Game Physics experiment with CUDA

timorgizer · May 11, 2009, 8:24pm

Hello all

As a school project I’ve made an experiment - an attempt to speed up game physics calculations using CUDA.
I’d like to share the results and get feedback about this stuff.

In this experiment I used a code of Cyclone Physics Engine - A physics engine made for learning purposes and is actually
an accompanyng code for Ian Millington’s book Game Physics Engine Development.

Info can be found here:

[url=“http://www.procyclone.com/”]Loading...

I’ve converted Rigid Body Integration function and collision detection functions to CUDA kernels and compared the
running times of the functions on GPU and CPU.

In first test I compared the rigid body integration performance. The workflow involved copying forces and torques
to device in every frame (two arrays, 4 floats in each array per body), running the kernel and copying transform matrices
for rendering the bodies with GLUT to device (16 floats per body, single array of matrices).

The execution times were as follows:

External Media

In the next test I compared overall performance of a workflow which included rigid body integration as before,
sphere-halfspace collision detection and contact resolution (Runs on CPU). The memory copies per frame were forces and
torques as before, generated contact data (An array of structures, 36 bytes per contact), copying body state data
(16 floats per body) to host and then copying body state adjustments to device (16 floats per body).

The performance comparision gave the following results:

External Media

I am still a CUDA newbie and I know there’s still a lot of optimizations and further work to be done,so
all this is just the beginning.

Anyway, I’d like to hear your suggestions, comments and feedback.

Timur

cbuchner1 · May 11, 2009, 9:17pm

Cyclone, that rang a bell. As you said, it’s the physics engine Ian Millington’s book “Game Physics Engine development”. I was reading this book just recently.

Are you willing to share some of your CUDA code (now or later on maybe) ?

Christian

timorgizer · May 11, 2009, 10:13pm

Not a problem, I just would like to clean the mess in the code before that (and before I submit the work),

it will take me a week or so. Then I can send it to everyone who’ll be interested.

My mail is:

timorgizer@gmail.com

_Big_Mac · May 12, 2009, 10:40am

Great work!

I know PhysX has yet to get rigid bodies and collision detection on GPU, presently only supporting fluids, cloths and soft-bodies.
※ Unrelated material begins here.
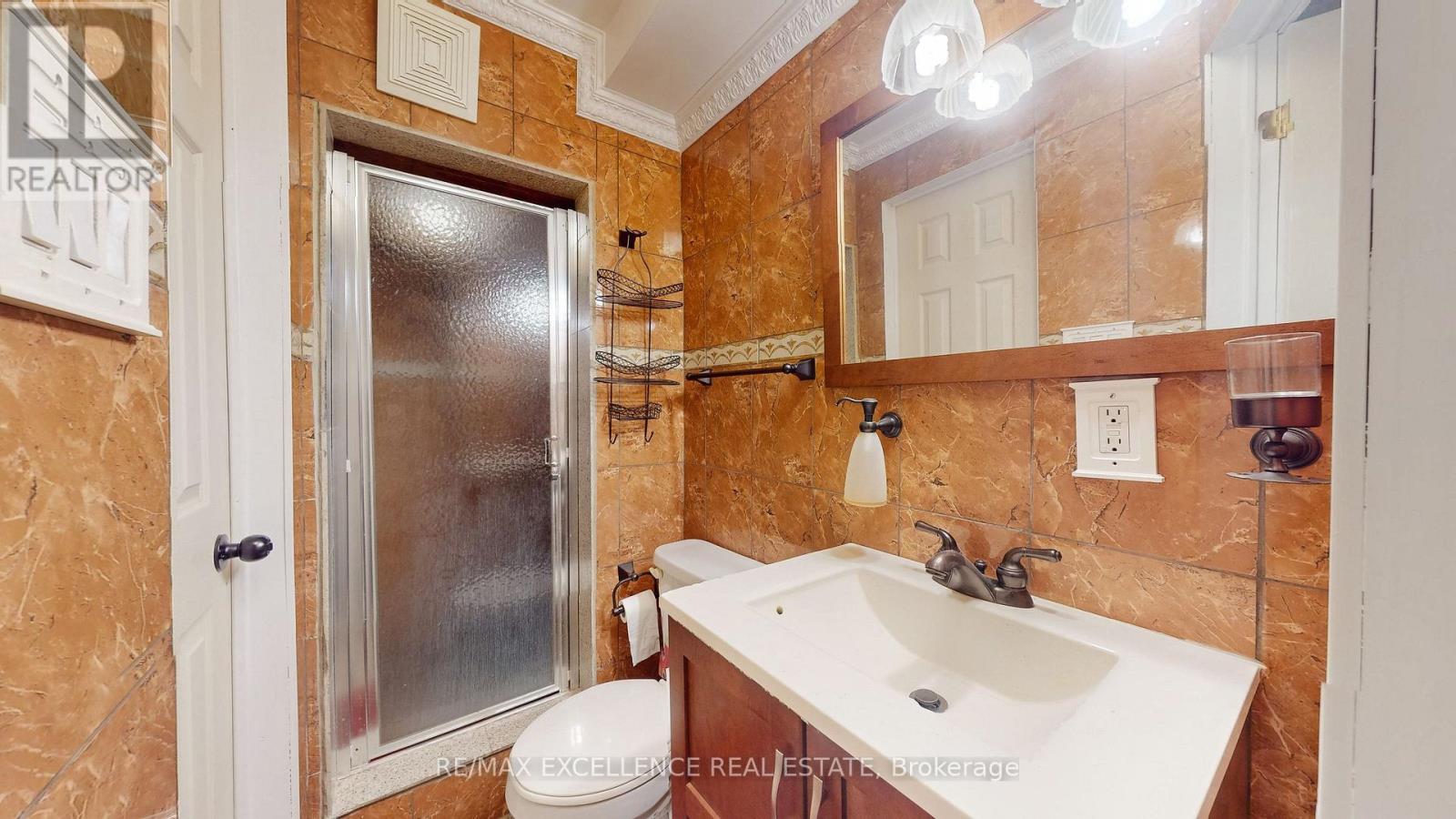 12 Prado Court, Toronto, Ontario  M6B 4L2 - Photo 32 - W13777206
Perhaps it would be a good idea to limit CPU<->GPU transfers. It’s gonna be tricky, especially since some parts are still calculated on the CPU and bottom line is, you have to copy back relevant stuff to do game logic, rendering etc. Yet, there might be some room for optimization. Perhaps you’ve already thought of or even implemented this:

most of the bodies don’t move all the time and can be effectively put to sleep. You’d need a mechanism to signal which bodies have been updated on the GPU and require copyback and which are asleep.
probably there’s no need to copy all the forces and torques every frame - you can keep them within device memory and only update those affected by the player (ex. if he presses “forward”, send a small update that his body just got a forward force vector). You also don’t need to copy forces from GPU to CPU unless specifically needed by game logic and even then you might just copy the necessary ones. Forces are invisible, so are velocities, you’re more concerned about positions and orientations which you will need for rendering.

I’d also be interested in seeing the code and/or some documentation

timorgizer · May 12, 2009, 11:53am

Indeed, such a sleep system was implemented in the original Cyclone Physics engine.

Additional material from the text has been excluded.